Let's face it: Collectively, it's been another undistinguished start for Canada's seven NHL teams. In the ultra-competitive Western Conference, where it will likely take 100 points to make the playoffs, the Oilers, Calgary Flames and Winnipeg Jets all entered the Christmas break with losing records. Only the Nashville Predators, who've been without starting goaltender Pekka Rinne for most of the season, are keeping them company at the bottom of the conference standings.
Ottawa, meanwhile, isn't faring much better, with only 15 wins in their first 39 games, going into Friday night's game against the Boston Bruins, last year's Stanley Cup finalists. About the best thing the Senators they have going for them is the singular mediocrity of the Eastern Conference, which means even the lowly 13th-place Florida Panthers aren't completely out of the playoff race. The Panthers' 33 points at the break left them just five points behind the Philadelphia Flyers in the standings.

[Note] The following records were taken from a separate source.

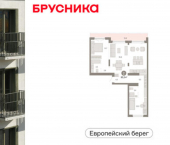 3-комн, 96 кв м, этаж 8/8 ул Большевистская, 104
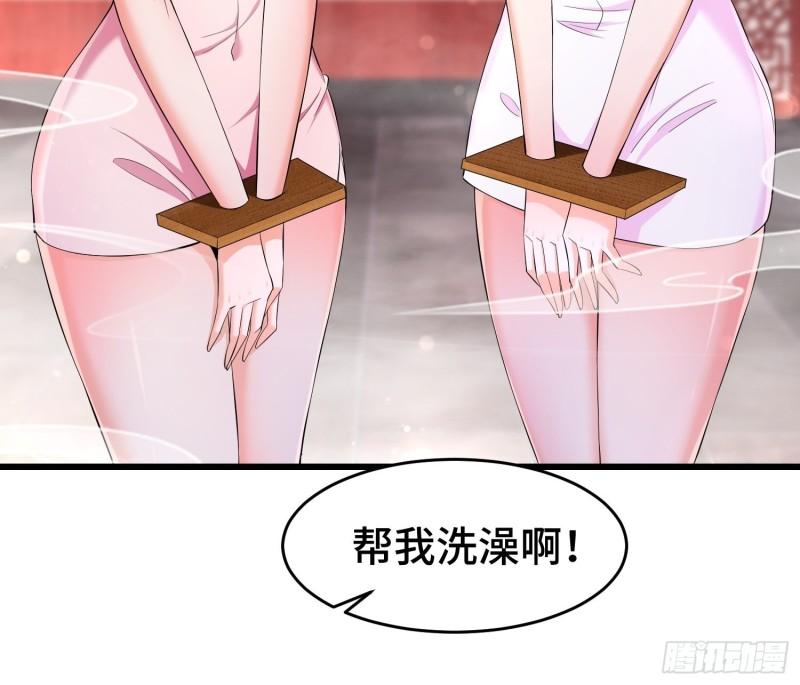 相爷的礼物15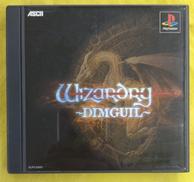 PSソフト/ウィザードリィ ～ディンギル～|ASCII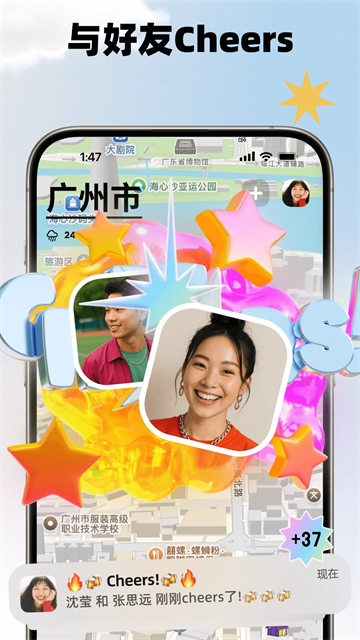 Jagat果汁儿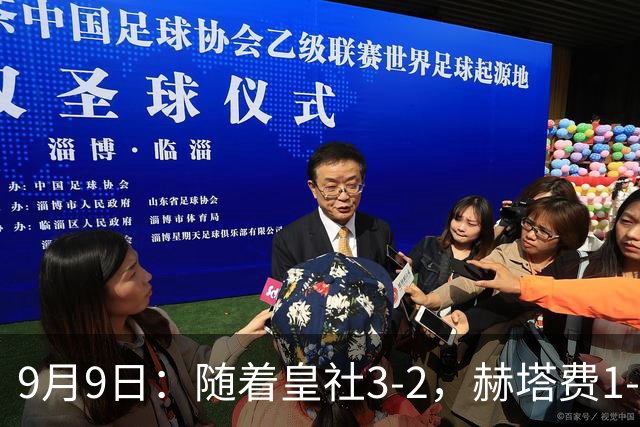9月9日：随着皇社3-2，赫塔费1-1塞尔塔，西甲积分榜更新：皇马第三，3队不败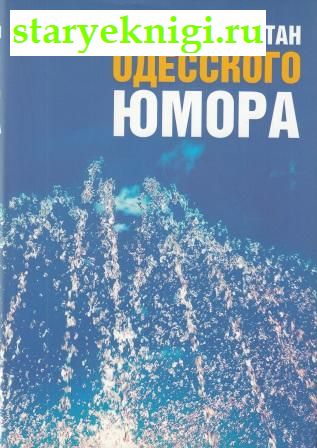 Большой фонтан одесского юмора, Книги - Художественная литература /  Сатира и юмор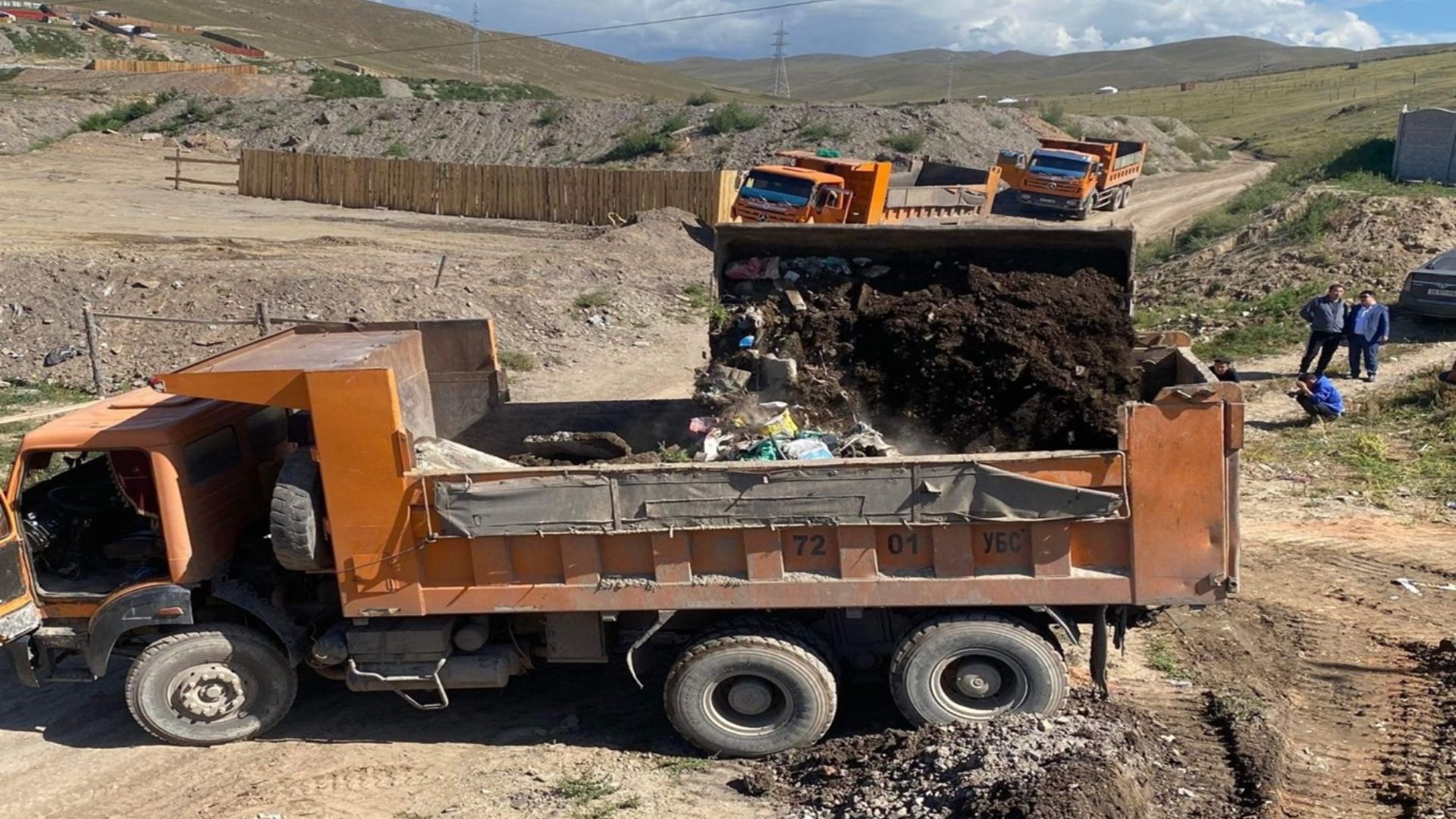 Landfill cleaning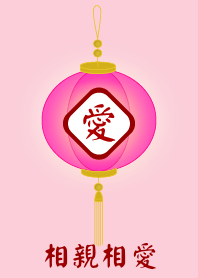 相親相愛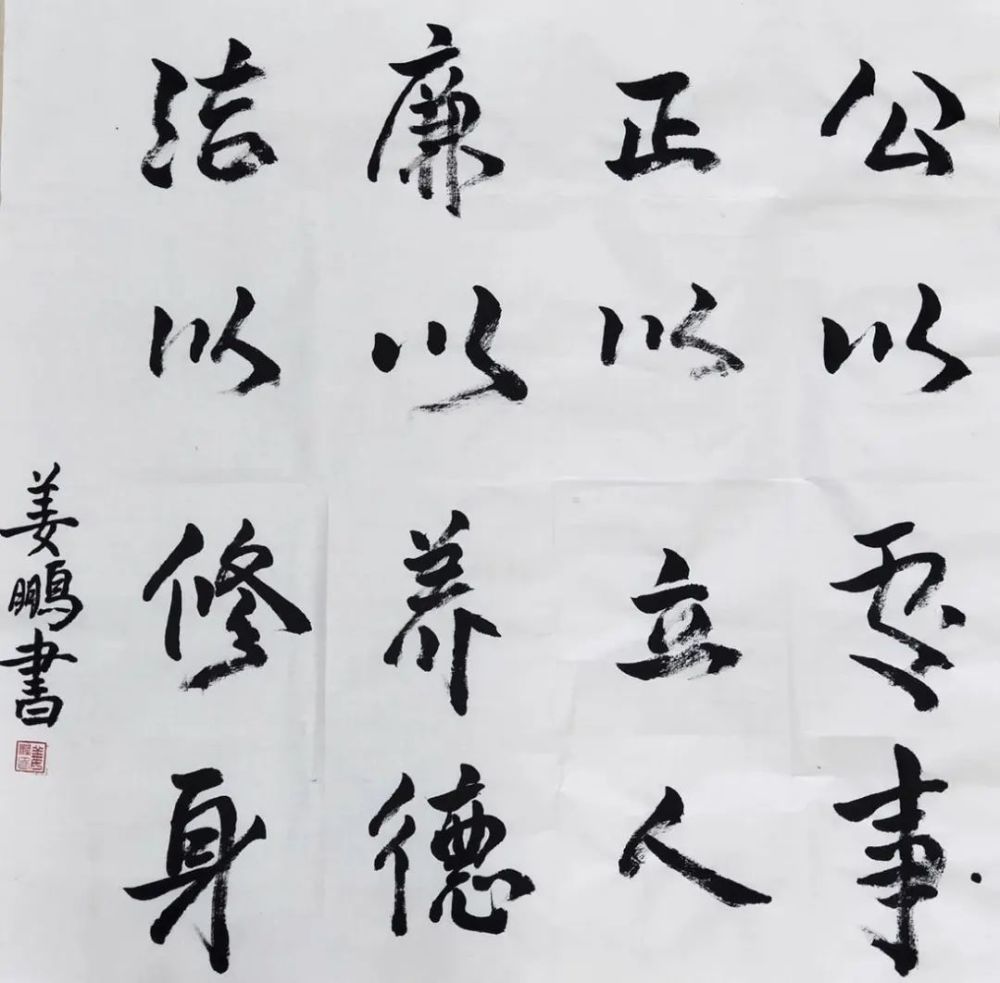 作为监狱人民警察,当以"莲" 的高洁修身,洁身自好,俭以养德,始终保持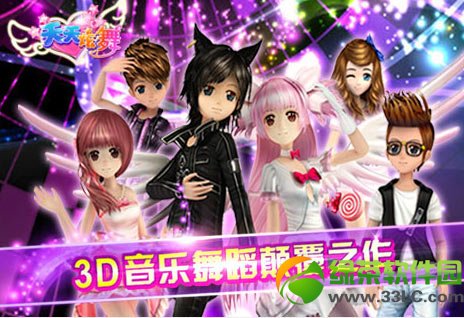 �����������ص�ַ �������谲׿��/ios��/PC������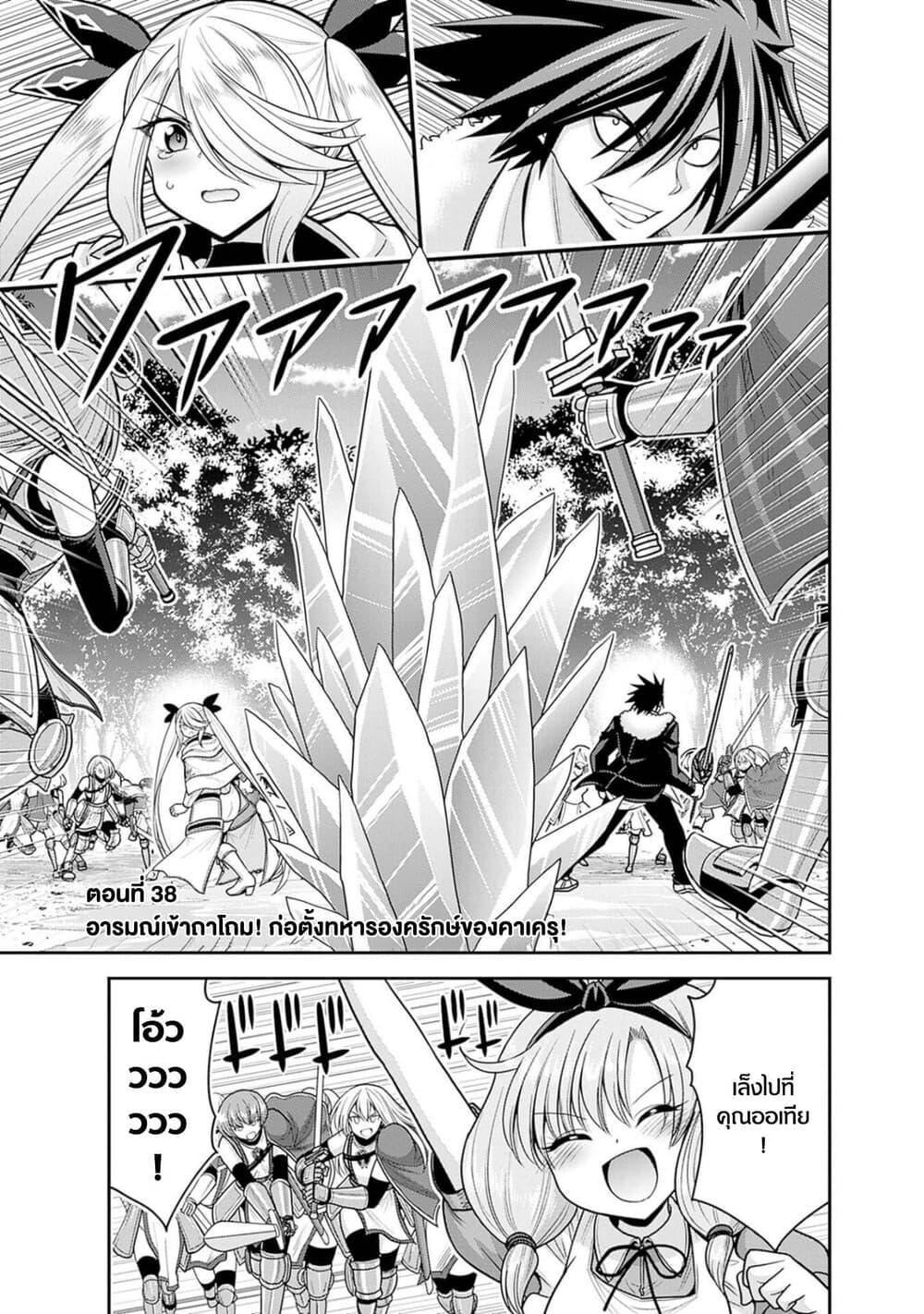 Kujibiki Tokushou: Musou Harem-ken Chap 38.1 - Next Chap 39.1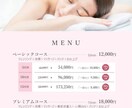 美容系の店内掲示・配布チラシ作ります チラシ・POP 1枚で売上を変えよう♪ イメージ2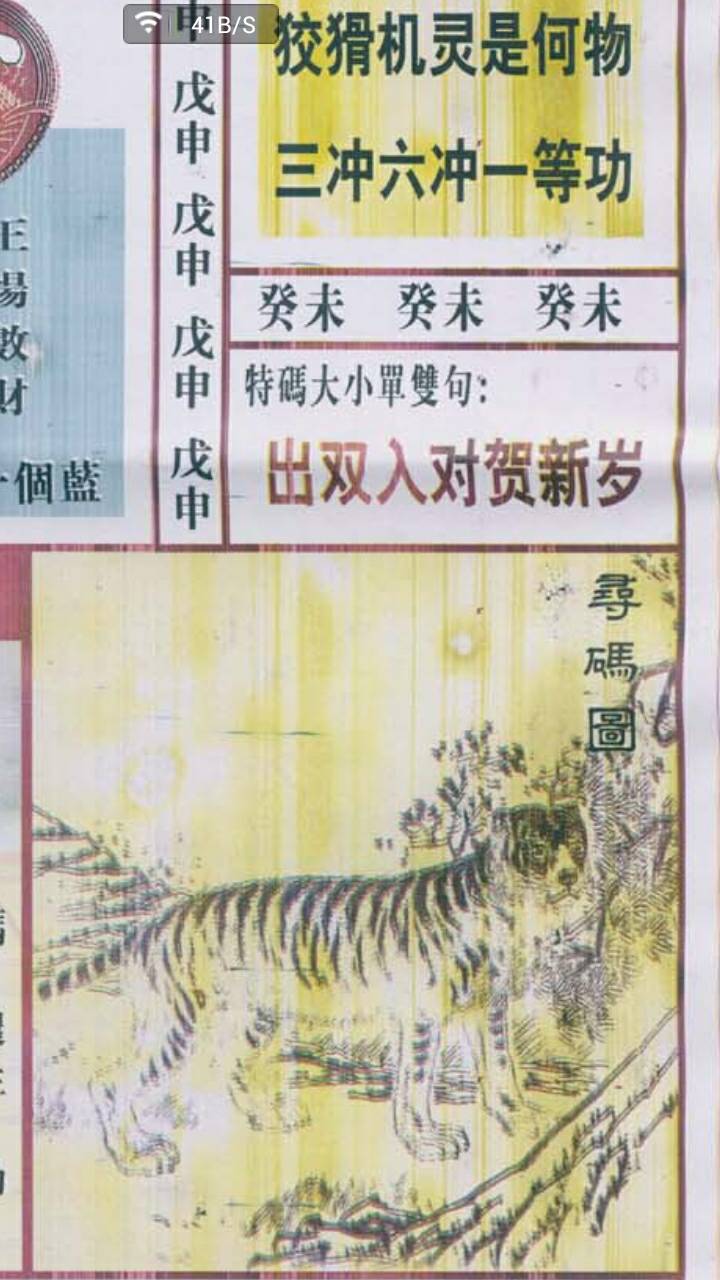 王中王禁三肖二尾一合，深度解析與SEO優(yōu)化策略，王中王禁三肖二尾一合深度解析與SEO優(yōu)化策略探討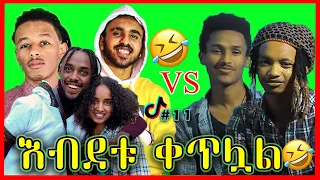 ከ TikTok መንደር ከሳቃችሁ ተሸነፋችሁ |try not to laugh | Ethiopian comedy Part 11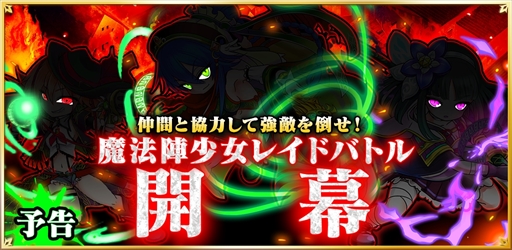 画像ギャラリー No.002のサムネイル画像 / 「魔法陣少女ノブナガサーガ」,10月25日大型アップデートを実施。初のレイドイベントを開催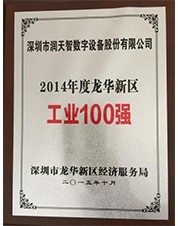 2014年龍華新區(qū)工業(yè)100強(qiáng) 2014年龍華新區(qū)工業(yè)100強(qiáng)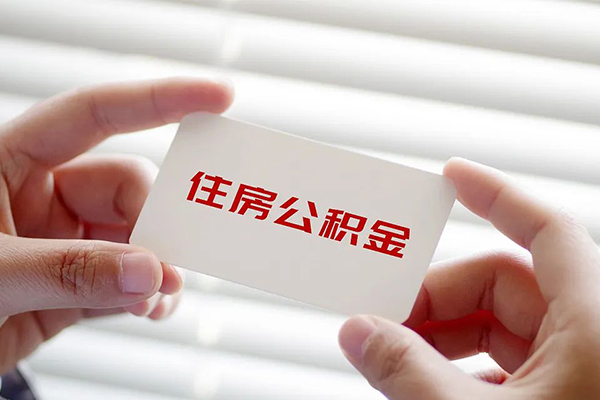 北京4民间短期私借借款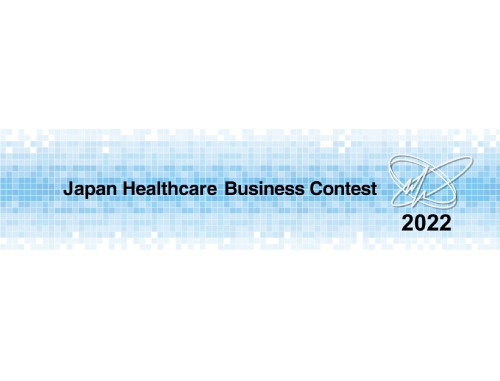 経済産業省主催「ジャパン・ヘルスケアビジネスコンテスト（JHeC）2022」   一次プレゼン審査開催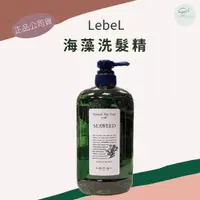 在飛比找蝦皮購物優惠-SW｜肯邦 LebeL 海藻洗髮精1000ml 正品公司貨 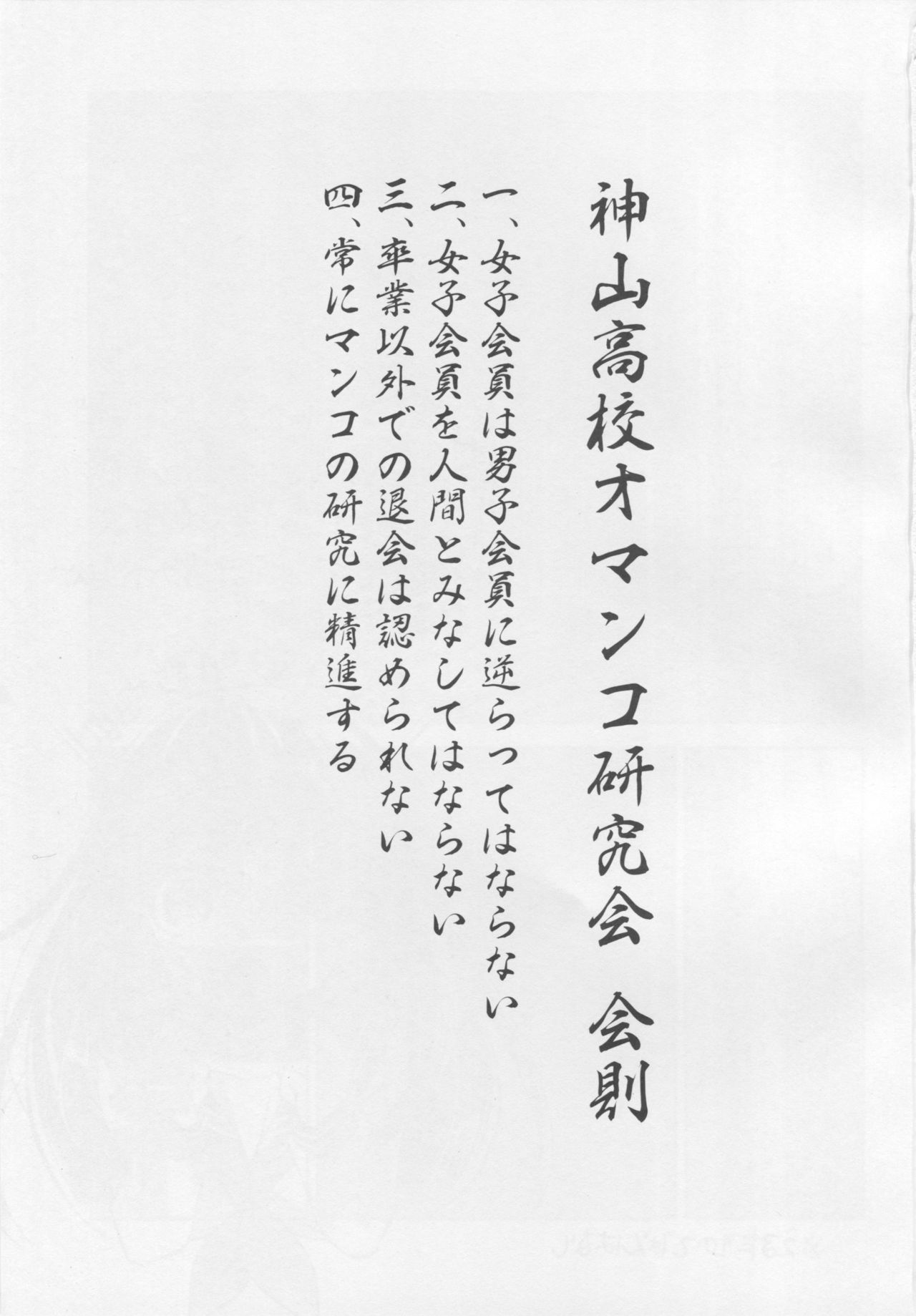 Kamiyama Koukou Omanko Kenkyuukai Katsudou Kiroku page 2 full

The Toronto Maple Leafs are clinging to a playoff berth, despite a serious second-quarter lull, leaving only two real bright spots in Canada – the Montreal Canadiens and the Vancouver Canucks, both of whom are on pace to make the playoffs, if nothing else.
Montreal had a breakthrough season in the lockout-shortened 2012-13 campaign, edging out the Bruins for top spot in what was then the Northeast Division, but there were questions going into the season about whether they'd be a one-year wonder, or had made real quantitative progress in turning the franchise around. Happily, they've received offensive contributions from different parts of their lineup at different times this season, and solid work from goaltender Carey Price throughout. Price faltered in the latter stages of last season, but has been a model of consistency thus far and is now considered leading candidate to tend goal for Canada during the 2014 Olympics in Sochi.
Price's main rival for the starting job is the Canucks' Roberto Luongo, who has made a relatively seamless return to the No. 1 position in Vancouver, after last year's soap opera of a season that saw him relegated to backup duty behind Cory Schneider. That the Canucks have essentially held their own despite the coaching change to John Tortorella and the need for Luongo to get his head around the fact that he was staying in Vancouver is nothing short of remarkable.
The second half of the season will be punctuated by an 18-day break in the middle of February and means the regular season won't end until mid-April. The last possible day for the 2014 Stanley Cup final is June 18.